## Goal of the exercise
Starting at the line that contains "CPA Cette Joutes" and stopping at the line that contains "animación de la", transcribe every line of the material below exactly; pictures stay out.

═════ Supplied material ═════

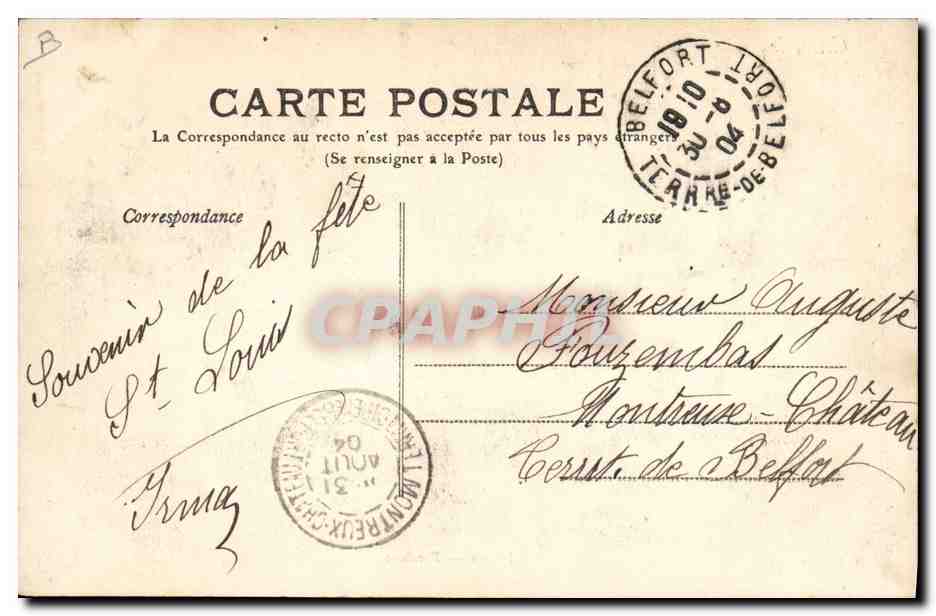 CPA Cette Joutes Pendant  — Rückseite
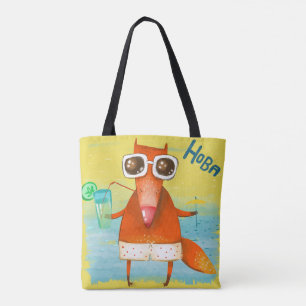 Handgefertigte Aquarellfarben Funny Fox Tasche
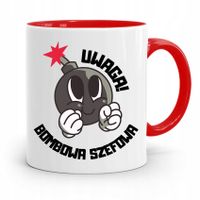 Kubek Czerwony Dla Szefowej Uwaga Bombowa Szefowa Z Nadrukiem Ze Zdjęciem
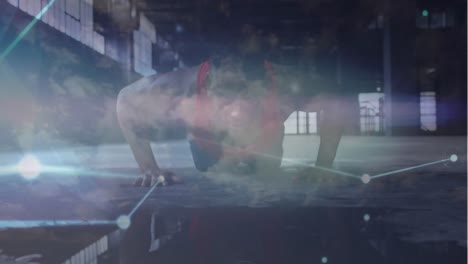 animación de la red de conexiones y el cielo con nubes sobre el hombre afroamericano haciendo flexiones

═════
═════ Supplied material ═════

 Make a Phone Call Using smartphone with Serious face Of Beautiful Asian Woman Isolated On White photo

═════
═════ Supplied material ═════

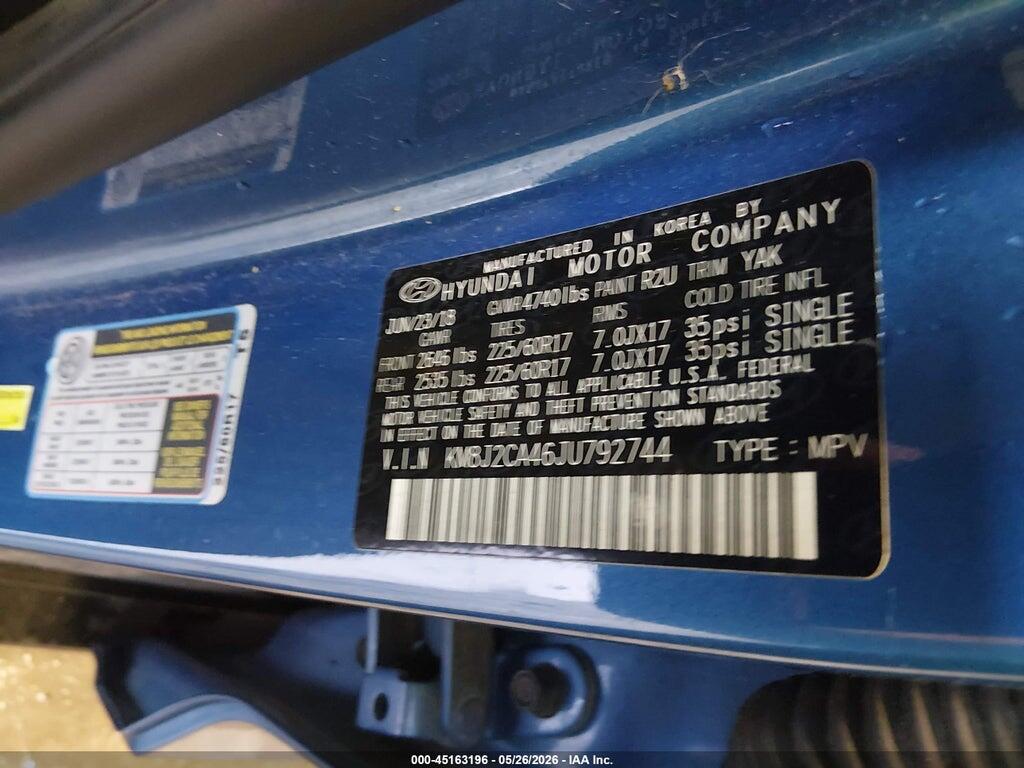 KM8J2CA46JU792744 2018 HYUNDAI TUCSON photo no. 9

═════

## Written answer
 CPA Cette Joutes Pendant  — Rückseite
 Handgefertigte Aquarellfarben Funny Fox Tasche
 Kubek Czerwony Dla Szefowej Uwaga Bombowa Szefowa Z Nadrukiem Ze Zdjęciem
 animación de la red de conexiones y el cielo con nubes sobre el hombre afroamericano haciendo flexiones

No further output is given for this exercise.